◆ Exercise directions
Check every line of the data below for "Clip". Copy each one that has it.

◆ Exercise input
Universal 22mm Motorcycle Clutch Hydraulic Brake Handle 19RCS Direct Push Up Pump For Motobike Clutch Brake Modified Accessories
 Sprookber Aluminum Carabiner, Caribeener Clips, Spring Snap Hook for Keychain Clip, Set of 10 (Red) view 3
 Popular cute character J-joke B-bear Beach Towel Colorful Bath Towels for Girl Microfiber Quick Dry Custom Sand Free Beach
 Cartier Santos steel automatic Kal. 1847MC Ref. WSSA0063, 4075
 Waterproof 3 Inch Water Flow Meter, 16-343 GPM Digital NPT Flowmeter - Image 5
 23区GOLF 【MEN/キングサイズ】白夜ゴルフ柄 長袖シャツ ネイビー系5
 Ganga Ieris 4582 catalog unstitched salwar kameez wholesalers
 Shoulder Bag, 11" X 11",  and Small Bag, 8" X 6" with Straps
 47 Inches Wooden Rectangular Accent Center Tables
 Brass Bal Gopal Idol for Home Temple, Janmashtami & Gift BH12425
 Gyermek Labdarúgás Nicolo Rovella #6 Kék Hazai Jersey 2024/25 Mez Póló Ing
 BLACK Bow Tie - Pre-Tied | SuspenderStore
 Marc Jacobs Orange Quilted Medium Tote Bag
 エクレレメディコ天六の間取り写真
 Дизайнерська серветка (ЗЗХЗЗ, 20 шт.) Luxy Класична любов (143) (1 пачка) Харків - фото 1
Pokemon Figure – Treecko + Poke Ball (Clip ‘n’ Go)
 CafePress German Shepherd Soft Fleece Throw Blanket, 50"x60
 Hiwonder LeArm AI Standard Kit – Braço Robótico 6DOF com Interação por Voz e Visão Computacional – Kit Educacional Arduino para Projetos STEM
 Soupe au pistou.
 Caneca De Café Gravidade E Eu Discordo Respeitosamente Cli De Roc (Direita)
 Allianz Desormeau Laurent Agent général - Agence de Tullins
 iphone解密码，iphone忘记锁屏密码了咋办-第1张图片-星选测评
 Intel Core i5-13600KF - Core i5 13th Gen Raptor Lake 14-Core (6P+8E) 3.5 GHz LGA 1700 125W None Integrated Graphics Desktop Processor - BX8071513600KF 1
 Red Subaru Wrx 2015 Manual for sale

◆ Solved exercise
 Sprookber Aluminum Carabiner, Caribeener Clips, Spring Snap Hook for Keychain Clip, Set of 10 (Red) view 3
Pokemon Figure – Treecko + Poke Ball (Clip ‘n’ Go)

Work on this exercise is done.